POJ 1328 Radar Installation (贪心)

Radar Installation

Time Limit: 1000MS		Memory Limit: 10000K
Total Submissions: 56493		Accepted: 12756

Description

Assume the coasting is an infinite straight line. Land is in one side of coasting, sea in the other. Each small island is a point locating in the sea side. And any radar installation, locating on the coasting, can only cover d distance, so an island in the sea can be covered by a radius installation, if the distance between them is at most d.

We use Cartesian coordinate system, defining the coasting is the x-axis.
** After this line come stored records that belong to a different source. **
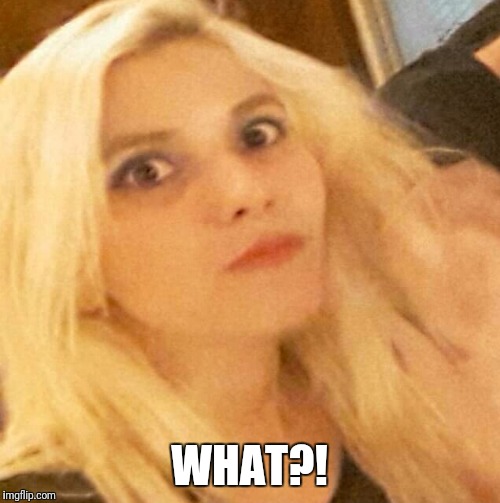 WHAT?! | image tagged in what | made w/ Imgflip meme maker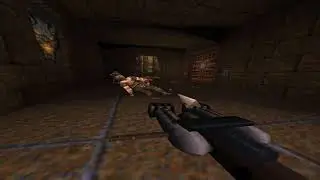 QUAKE (1996) VR!
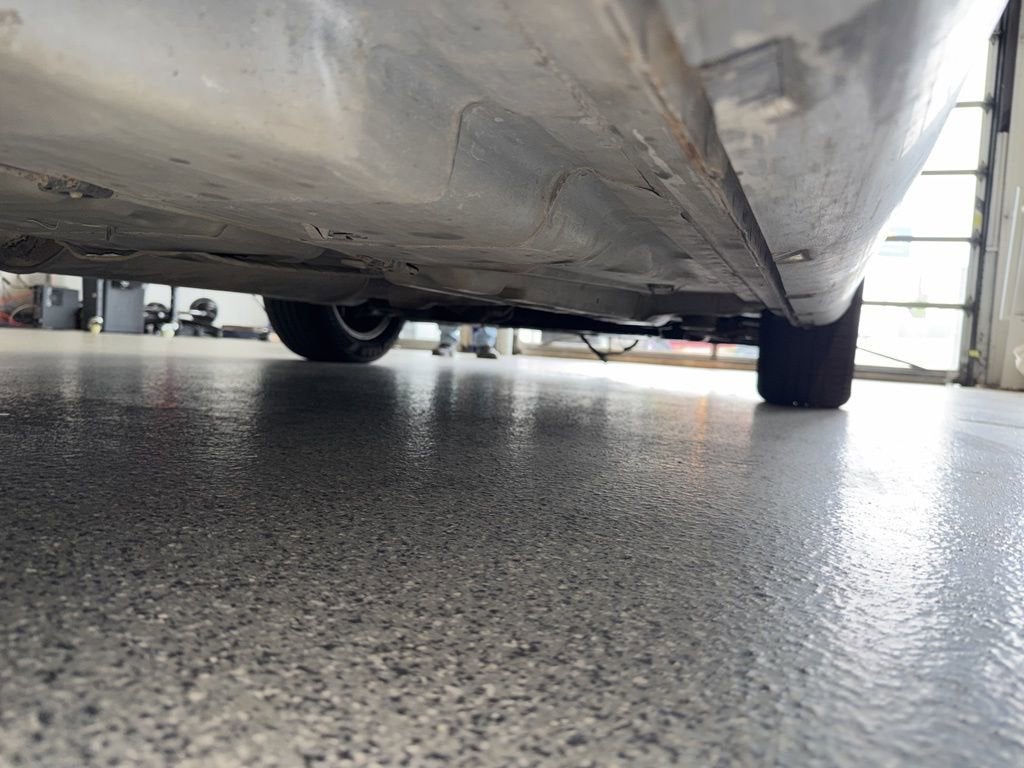 2006 Buick Lucerne CX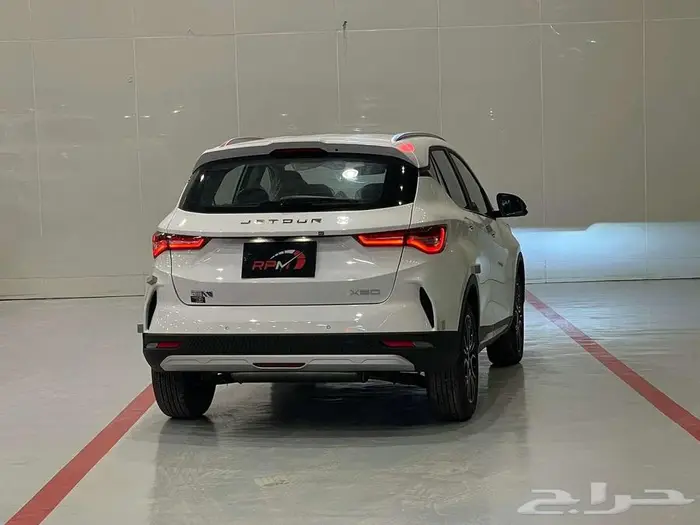 جيتور X50 بريميوم 2025 3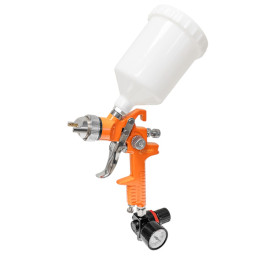 Краскопульт E-850М /ELAND/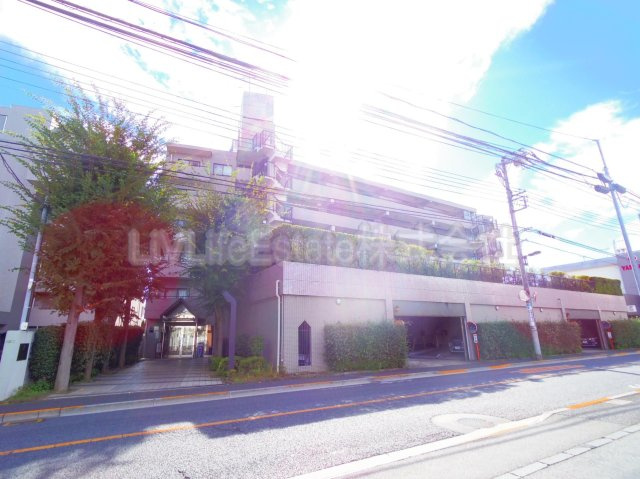 ＨＦ田無レジデンス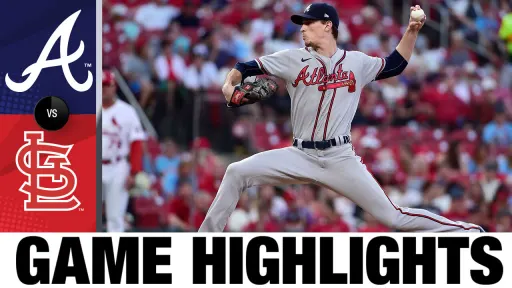 Game Highlights Video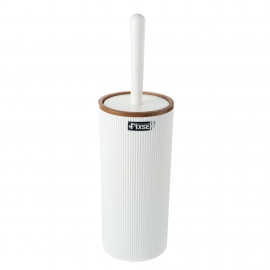 Ерш напольный Fixsen WHITE BOOM 10x19x34 см, арт: FX-412-5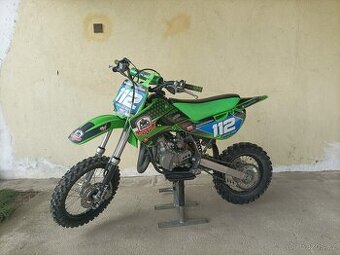 KAWASAKI KX 65 2023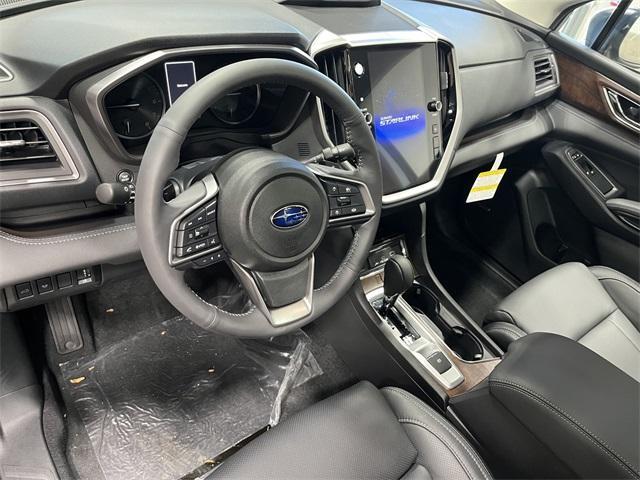 new 2025 Subaru Ascent car, priced at $49,833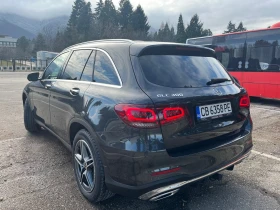 Mercedes-Benz GLC 300 FACE AMG PACK, снимка 4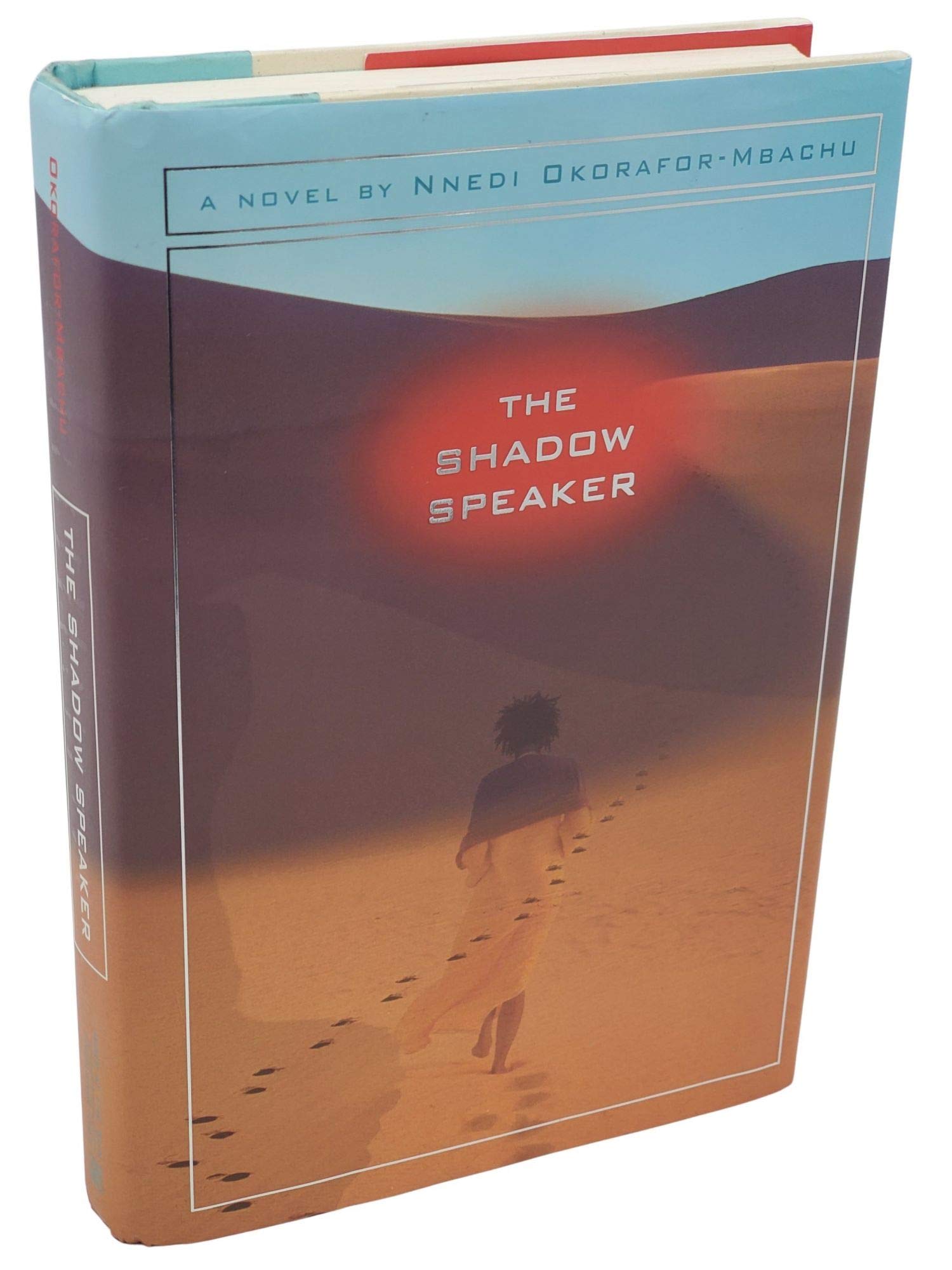 The Shadow Speaker,Used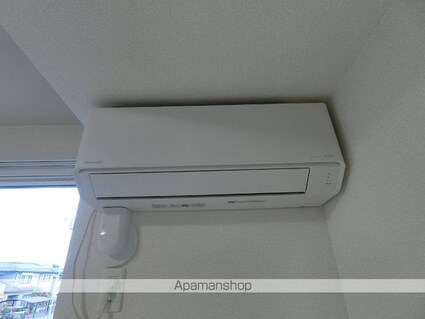 ＤーＲＯＯＭ荒井１丁目[2LDK/51.12m2]のその他設備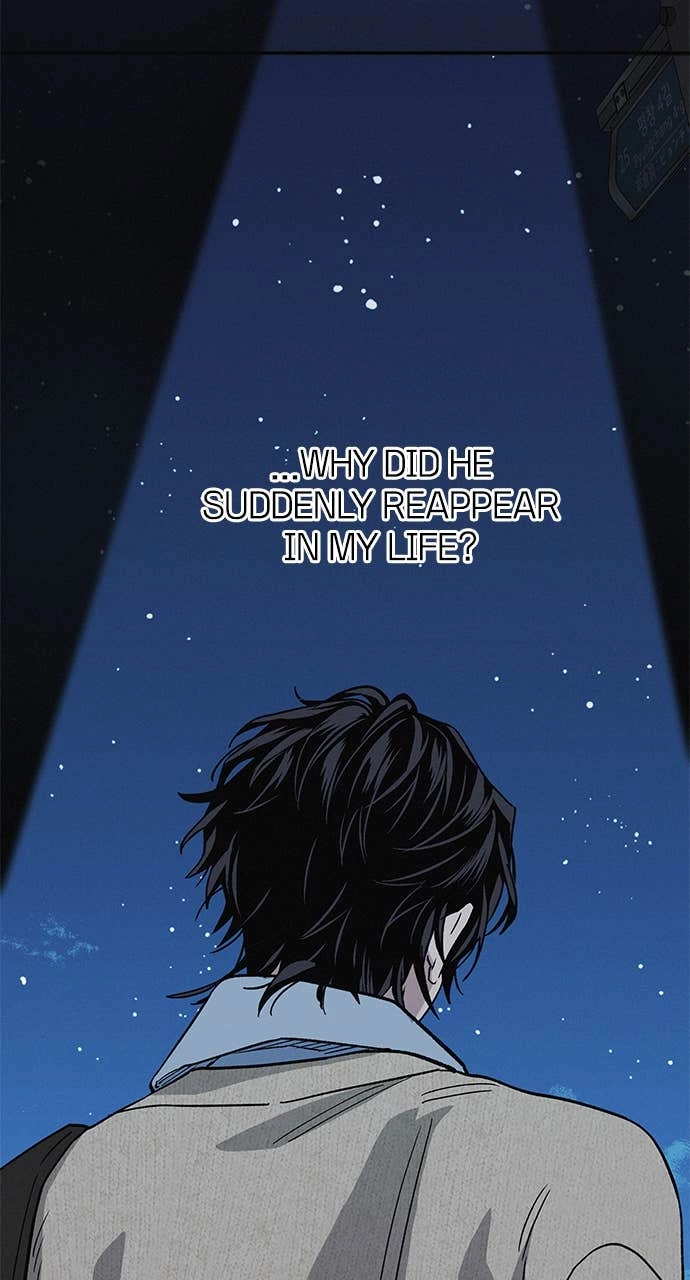 In Between Chapter 10 – Wild Mood Swings Page 20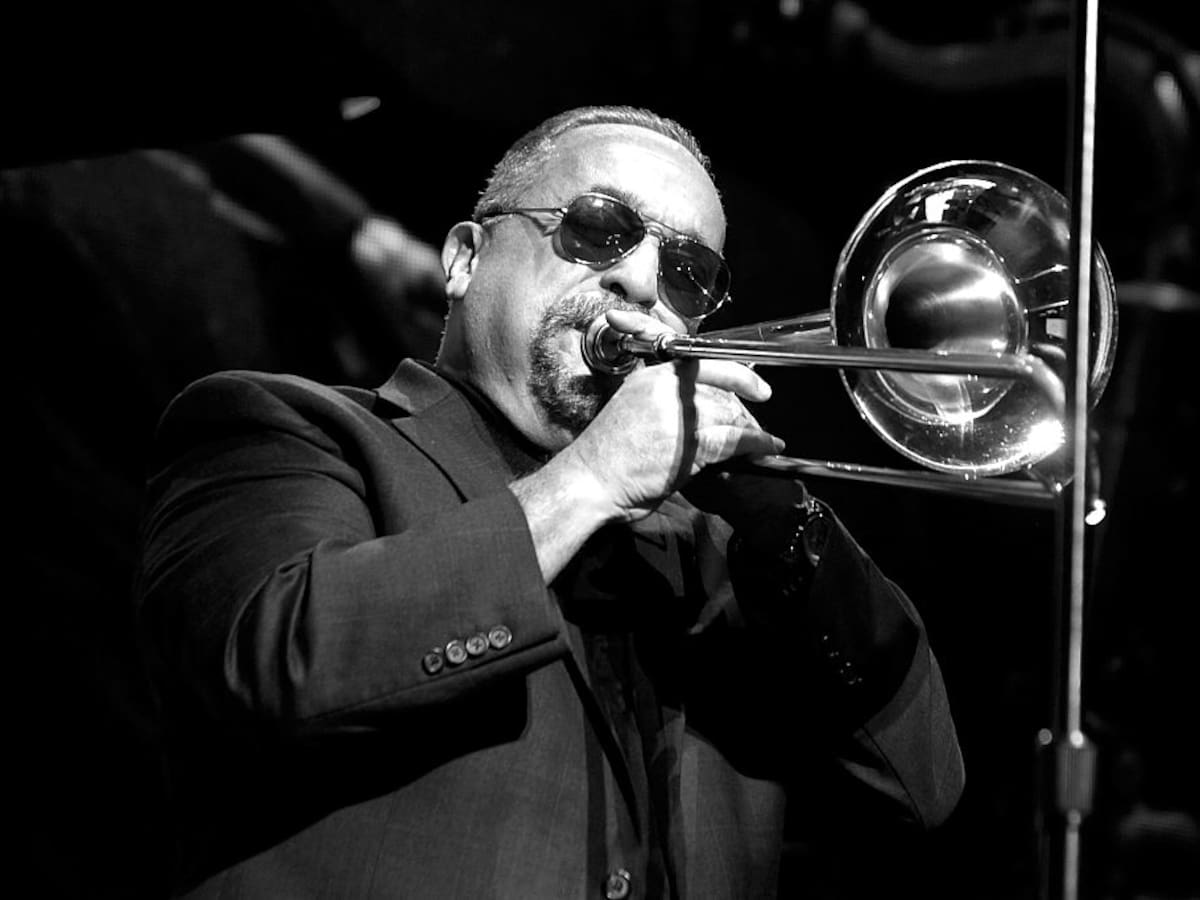 Esposa de Willie Colón: “Murió pacíficamente, rodeado de su amada familia”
The sea side is above x-axis, and the land side below. Given the position of each island in the sea, and given the distance of the coverage of the radar installation, your task is to write a program to find the minimal number of radar installations to cover all the islands. Note that the position of an island is represented by its x-y coordinates.

Figure A Sample Input of Radar Installations

Input

The input consists of several test cases. The first line of each case contains two integers n (1<=n<=1000) and d, where n is the number of islands in the sea and d is the distance of coverage of the radar installation. This is followed by n lines each containing two integers representing the coordinate of the position of each island. Then a blank line follows to separate the cases.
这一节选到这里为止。